3 min read

Decision Trees in SAS Enterprise Miner and SPSS Clementine

Decision trees are included in SAS Enterprise Miner(EM). The counterpart is SPSS Clementine, which should be called IBM SPSS Modeler for precision after IBM’s acquisition of SPSS.

Recently I read a paper on the comparisons of SAS EM, SPSS Clementine and IBM Intelligent Miner on their decision tree and cluster technology:

_Decision Tree Induction & Clustering Techniques in SAS Enterprise Miner, SPSS Clementine, and IBM Intelligent Miner – A Comparative Analysis_ by Abdullah M. Al Ghoson, Virginia Commonwealth University

The output is not that surprising. SAS EM plays better in performance, functionality and auxiliary task support but worse in usability.

SAS_VS_SPSS

Here are few comments on decision trees implementations in SAS EM and SPSS Clementine based on my own experiences. Some advises for beginners are also supplied.

There are four nodes in SPSS Clementine to supports four trees algorithms respectively: C5.0, Classification And Regression Trees (CART),  Quick, Unbiased, Efficient Statistical Tree(QUEST) and Chi-squared Automatic Interaction Detector(CHAID),  which are most famous and popular in decision trees family.

SPSS_4_trees Note that CART® is a registered trademark of California Statistical Software, Inc., and is licensed exclusively to Salford Systems, San Diego, California. So SPSS Clementine uses C&R Tree as name.

In SAS EM, there is only one decision tree node:

SAS_tree The algorithms behind this node is called SAS tree algorithms, which incorporate and extend the four mentioned before. Just change the settings in decision tree node, you can get the trees you want.

Obviously, SAS tree algorithms is superior than the separated ones in SPSS Clementine for expansibility and flexibility. But at the other hand, the complexities increase. For a newbie user of SAS EM, he/she may wonder which trees he/she is training. A SPSS Clementine users just picks up a node and says: OK, I am now training a CART or CHAID.—he/she would communicate with others more smoothly.

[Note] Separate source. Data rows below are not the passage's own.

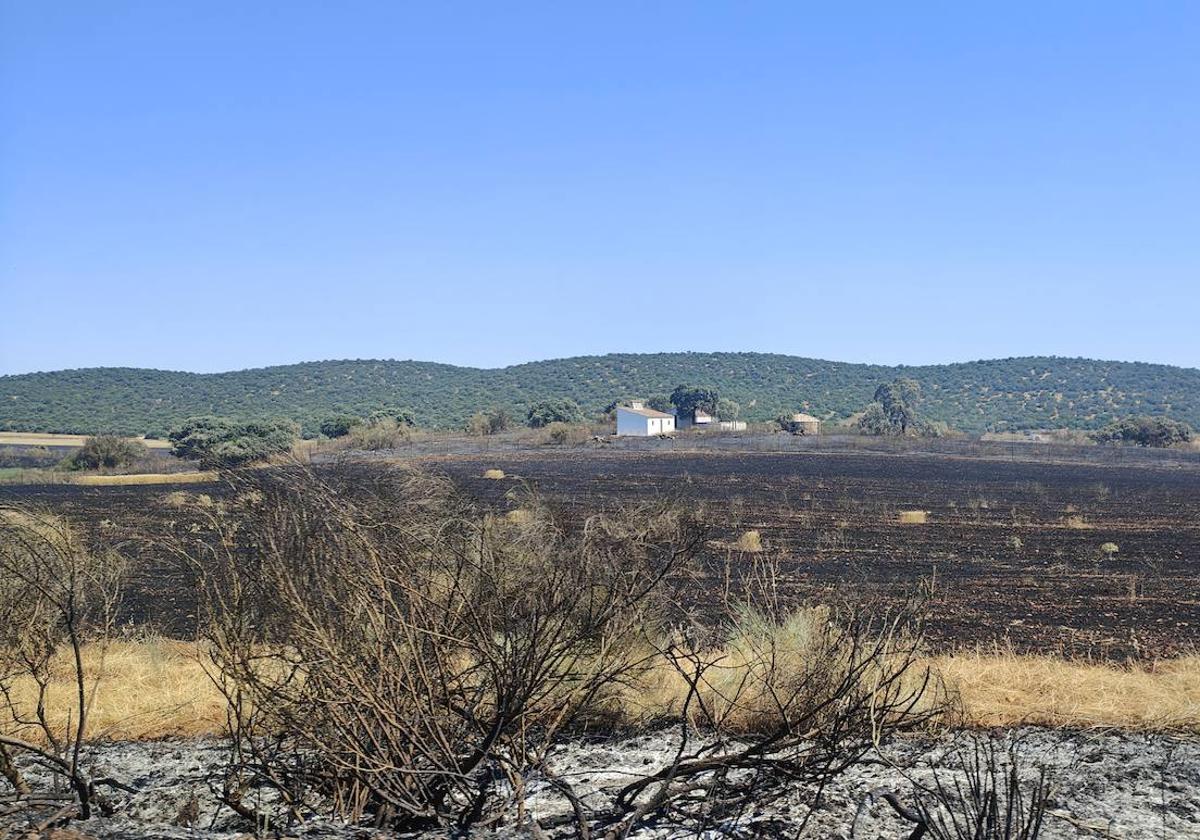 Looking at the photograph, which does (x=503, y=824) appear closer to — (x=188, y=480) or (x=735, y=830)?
(x=735, y=830)

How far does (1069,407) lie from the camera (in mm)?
142000

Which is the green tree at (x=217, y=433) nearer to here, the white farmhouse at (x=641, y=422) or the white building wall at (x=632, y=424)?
the white building wall at (x=632, y=424)

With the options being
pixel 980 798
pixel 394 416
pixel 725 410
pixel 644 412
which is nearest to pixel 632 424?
pixel 644 412

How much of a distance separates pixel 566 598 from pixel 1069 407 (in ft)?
486

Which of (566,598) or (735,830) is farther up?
(566,598)

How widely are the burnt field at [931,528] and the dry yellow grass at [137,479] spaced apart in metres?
2.99

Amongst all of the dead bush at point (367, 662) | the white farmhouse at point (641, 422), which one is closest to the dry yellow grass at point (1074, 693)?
the dead bush at point (367, 662)

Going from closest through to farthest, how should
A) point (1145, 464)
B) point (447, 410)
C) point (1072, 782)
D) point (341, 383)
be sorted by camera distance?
point (1072, 782) < point (1145, 464) < point (447, 410) < point (341, 383)

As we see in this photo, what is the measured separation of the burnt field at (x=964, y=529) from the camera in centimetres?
1908

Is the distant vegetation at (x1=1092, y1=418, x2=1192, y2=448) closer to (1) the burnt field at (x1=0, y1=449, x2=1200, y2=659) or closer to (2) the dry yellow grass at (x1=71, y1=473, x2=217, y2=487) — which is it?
(1) the burnt field at (x1=0, y1=449, x2=1200, y2=659)

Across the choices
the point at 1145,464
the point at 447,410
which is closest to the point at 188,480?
the point at 1145,464

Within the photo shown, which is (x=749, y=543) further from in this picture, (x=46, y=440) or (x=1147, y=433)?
(x=46, y=440)

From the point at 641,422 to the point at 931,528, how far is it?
57.1m

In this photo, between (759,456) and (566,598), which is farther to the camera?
(759,456) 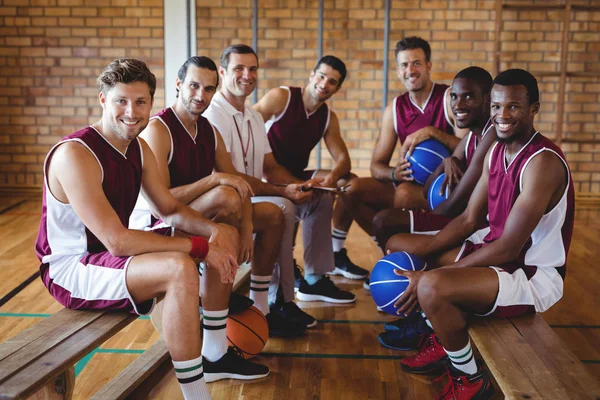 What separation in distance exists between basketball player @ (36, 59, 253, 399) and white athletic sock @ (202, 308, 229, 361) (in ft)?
1.11

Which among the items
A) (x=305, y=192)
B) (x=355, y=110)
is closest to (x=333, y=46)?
(x=355, y=110)

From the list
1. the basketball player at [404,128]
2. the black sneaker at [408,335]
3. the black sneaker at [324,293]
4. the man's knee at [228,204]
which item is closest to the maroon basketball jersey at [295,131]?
the basketball player at [404,128]

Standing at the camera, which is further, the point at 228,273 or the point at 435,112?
the point at 435,112

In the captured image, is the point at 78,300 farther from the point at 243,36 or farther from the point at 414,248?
the point at 243,36

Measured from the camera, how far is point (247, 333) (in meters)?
2.87

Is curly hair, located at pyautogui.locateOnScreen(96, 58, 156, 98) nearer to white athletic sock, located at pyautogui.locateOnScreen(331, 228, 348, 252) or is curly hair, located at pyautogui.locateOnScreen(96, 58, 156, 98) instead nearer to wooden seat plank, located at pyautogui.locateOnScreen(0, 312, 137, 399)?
wooden seat plank, located at pyautogui.locateOnScreen(0, 312, 137, 399)

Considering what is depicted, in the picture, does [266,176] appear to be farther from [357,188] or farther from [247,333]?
[247,333]

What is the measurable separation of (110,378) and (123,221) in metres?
0.74

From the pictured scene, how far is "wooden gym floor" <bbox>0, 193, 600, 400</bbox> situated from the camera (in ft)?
8.82

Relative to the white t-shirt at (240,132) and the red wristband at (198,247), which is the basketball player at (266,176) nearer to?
the white t-shirt at (240,132)

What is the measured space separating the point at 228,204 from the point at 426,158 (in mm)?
1270

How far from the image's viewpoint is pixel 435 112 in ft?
13.0

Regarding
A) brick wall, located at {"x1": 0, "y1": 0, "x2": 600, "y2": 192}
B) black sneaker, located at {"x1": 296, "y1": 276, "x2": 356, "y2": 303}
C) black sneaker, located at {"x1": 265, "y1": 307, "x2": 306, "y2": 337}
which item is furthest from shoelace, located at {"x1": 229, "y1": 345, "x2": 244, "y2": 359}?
brick wall, located at {"x1": 0, "y1": 0, "x2": 600, "y2": 192}

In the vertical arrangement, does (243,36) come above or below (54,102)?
above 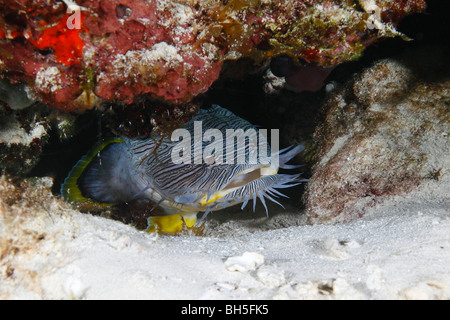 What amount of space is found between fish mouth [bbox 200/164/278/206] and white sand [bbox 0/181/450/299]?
0.73m

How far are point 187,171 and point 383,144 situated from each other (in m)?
2.33

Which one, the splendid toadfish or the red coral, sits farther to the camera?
the splendid toadfish

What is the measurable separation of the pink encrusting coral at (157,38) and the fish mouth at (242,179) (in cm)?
107

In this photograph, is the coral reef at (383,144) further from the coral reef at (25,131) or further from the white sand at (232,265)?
the coral reef at (25,131)

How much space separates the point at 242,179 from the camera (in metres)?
3.34

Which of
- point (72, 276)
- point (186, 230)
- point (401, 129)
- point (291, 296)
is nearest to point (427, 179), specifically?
point (401, 129)

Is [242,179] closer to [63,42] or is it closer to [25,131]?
[63,42]

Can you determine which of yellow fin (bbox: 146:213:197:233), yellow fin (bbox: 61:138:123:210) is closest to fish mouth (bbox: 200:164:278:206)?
yellow fin (bbox: 146:213:197:233)

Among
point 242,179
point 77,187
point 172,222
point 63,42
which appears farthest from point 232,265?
point 77,187

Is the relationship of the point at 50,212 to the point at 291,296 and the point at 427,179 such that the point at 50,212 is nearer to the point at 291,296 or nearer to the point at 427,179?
the point at 291,296

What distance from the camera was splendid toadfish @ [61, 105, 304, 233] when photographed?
3.43 meters

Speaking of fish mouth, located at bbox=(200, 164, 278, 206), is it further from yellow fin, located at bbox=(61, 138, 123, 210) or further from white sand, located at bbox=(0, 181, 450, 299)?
yellow fin, located at bbox=(61, 138, 123, 210)

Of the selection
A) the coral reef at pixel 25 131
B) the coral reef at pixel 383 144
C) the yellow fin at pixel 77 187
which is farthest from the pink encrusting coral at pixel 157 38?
the yellow fin at pixel 77 187

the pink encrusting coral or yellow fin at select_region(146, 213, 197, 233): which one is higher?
the pink encrusting coral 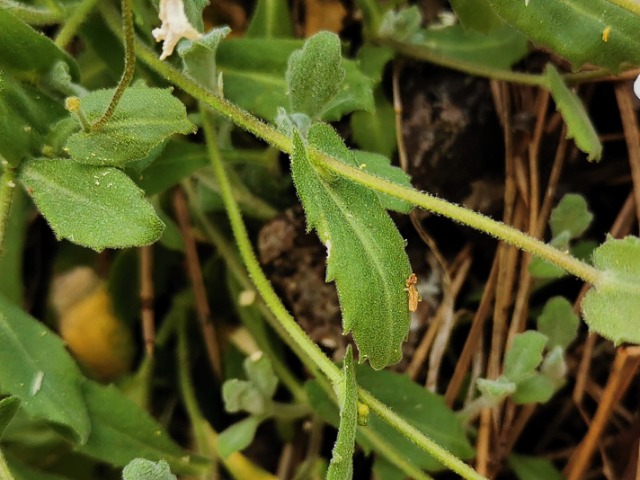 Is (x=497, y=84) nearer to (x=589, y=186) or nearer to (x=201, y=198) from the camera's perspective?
(x=589, y=186)

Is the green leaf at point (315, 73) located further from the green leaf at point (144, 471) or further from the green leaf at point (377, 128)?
the green leaf at point (144, 471)

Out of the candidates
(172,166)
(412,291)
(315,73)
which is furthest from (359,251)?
(172,166)

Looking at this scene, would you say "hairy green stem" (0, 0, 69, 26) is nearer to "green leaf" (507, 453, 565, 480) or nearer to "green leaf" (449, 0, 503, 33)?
"green leaf" (449, 0, 503, 33)

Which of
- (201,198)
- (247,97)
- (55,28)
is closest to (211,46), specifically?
(247,97)

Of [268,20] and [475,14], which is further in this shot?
[268,20]

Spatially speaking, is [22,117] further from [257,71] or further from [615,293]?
[615,293]

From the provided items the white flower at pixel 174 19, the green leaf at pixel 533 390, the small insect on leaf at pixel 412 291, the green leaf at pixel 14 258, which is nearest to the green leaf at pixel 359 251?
the small insect on leaf at pixel 412 291

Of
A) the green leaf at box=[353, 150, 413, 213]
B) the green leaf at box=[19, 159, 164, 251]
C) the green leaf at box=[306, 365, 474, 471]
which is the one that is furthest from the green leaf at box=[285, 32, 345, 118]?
the green leaf at box=[306, 365, 474, 471]

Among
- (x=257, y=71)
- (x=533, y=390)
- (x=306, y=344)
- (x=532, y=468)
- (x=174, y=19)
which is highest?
(x=174, y=19) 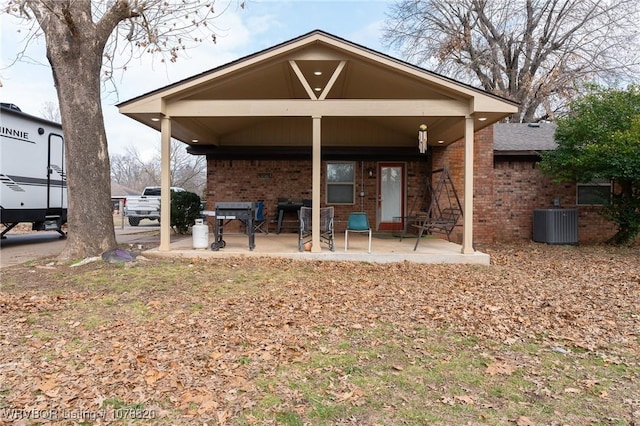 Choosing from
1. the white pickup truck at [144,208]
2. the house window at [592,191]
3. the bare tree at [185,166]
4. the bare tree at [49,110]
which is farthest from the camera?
the bare tree at [185,166]

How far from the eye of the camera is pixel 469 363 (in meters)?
3.22

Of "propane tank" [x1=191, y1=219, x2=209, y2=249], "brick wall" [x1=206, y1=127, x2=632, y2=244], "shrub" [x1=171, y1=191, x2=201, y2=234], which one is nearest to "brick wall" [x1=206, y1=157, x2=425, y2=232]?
"brick wall" [x1=206, y1=127, x2=632, y2=244]

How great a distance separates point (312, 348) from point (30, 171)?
9241mm

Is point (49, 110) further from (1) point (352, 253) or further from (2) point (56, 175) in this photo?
(1) point (352, 253)

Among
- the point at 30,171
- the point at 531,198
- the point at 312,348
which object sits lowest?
the point at 312,348

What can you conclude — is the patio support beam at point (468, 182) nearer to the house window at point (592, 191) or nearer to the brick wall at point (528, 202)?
the brick wall at point (528, 202)

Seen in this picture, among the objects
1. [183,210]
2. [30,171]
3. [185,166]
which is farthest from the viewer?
[185,166]

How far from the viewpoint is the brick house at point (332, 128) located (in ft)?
23.2

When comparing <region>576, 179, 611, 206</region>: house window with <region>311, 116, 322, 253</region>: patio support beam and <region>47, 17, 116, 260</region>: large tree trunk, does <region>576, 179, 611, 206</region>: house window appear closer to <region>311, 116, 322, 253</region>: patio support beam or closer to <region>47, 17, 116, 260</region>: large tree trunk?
<region>311, 116, 322, 253</region>: patio support beam

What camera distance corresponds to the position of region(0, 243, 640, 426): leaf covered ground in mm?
2547

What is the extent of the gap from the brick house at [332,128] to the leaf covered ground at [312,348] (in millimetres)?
2247

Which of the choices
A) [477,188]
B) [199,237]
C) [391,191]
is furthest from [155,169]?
[477,188]

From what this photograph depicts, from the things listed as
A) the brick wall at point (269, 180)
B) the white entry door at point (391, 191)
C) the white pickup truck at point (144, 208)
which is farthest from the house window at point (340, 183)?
the white pickup truck at point (144, 208)

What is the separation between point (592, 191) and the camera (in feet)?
35.5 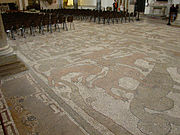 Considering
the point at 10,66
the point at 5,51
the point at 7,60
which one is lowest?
the point at 10,66

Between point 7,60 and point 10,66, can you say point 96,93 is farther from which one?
point 7,60

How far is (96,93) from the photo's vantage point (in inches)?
125

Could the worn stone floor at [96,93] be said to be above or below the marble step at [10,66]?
below

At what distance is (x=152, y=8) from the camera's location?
Result: 56.1 ft

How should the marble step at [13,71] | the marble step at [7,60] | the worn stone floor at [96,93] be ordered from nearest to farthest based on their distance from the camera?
the worn stone floor at [96,93]
the marble step at [13,71]
the marble step at [7,60]

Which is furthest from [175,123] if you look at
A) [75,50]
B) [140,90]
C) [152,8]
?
[152,8]

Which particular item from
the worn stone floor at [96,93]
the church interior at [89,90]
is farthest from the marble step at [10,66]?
the worn stone floor at [96,93]

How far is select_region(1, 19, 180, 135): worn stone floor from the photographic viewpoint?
238 cm

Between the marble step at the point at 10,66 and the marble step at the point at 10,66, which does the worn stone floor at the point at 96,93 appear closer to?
the marble step at the point at 10,66

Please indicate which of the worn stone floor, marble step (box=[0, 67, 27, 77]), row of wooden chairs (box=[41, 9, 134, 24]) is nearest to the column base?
marble step (box=[0, 67, 27, 77])

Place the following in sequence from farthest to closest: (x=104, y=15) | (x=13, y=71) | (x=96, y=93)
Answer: (x=104, y=15), (x=13, y=71), (x=96, y=93)

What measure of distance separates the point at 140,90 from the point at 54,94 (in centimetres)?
168

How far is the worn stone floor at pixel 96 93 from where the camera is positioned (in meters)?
2.38

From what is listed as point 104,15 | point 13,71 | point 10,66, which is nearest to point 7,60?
point 10,66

Regardless of the industry application, I think this is the educational benefit of SPSS Clementine. Since almost every data mining book introduces decision trees by separated algorithms(such as ID3/C4.5/C5.0, CART, QUEST, CHAID, …), the beginners using SPSS Clementine as instructional tool may get the clear ideas about the algorithms one by one. Once he/she get the full understanding of the differences among tree algorithms, he/she would train trees in SAS EM more comfortable.

What’s more, SPSS Clementine supplies rich supporting documentations for beginners and self learners , such as Tutorial, User Guide, Algorithms Guide, Node Reference. The official documentations of SAS EM 5.x and 6.x are relatively poor. Yes there is a good SAS Help and Documentation for SAS EM 4.3 including Getting Started with Enterprise Miner. EM4.3 is a traditional AF application but EM5.x and above are Java client incorporated in SAS analysis platform(they are totally different!). For EM5.x and above, only installation guides and a plain reference are available.

SAS Institute may have its own marketing strategies. No rich references available, the Institute DOES offer rich training programs in data mining and Enterprise Miner application. Wooo, the big-budget purchasers of SAS EM can also afford the trainings.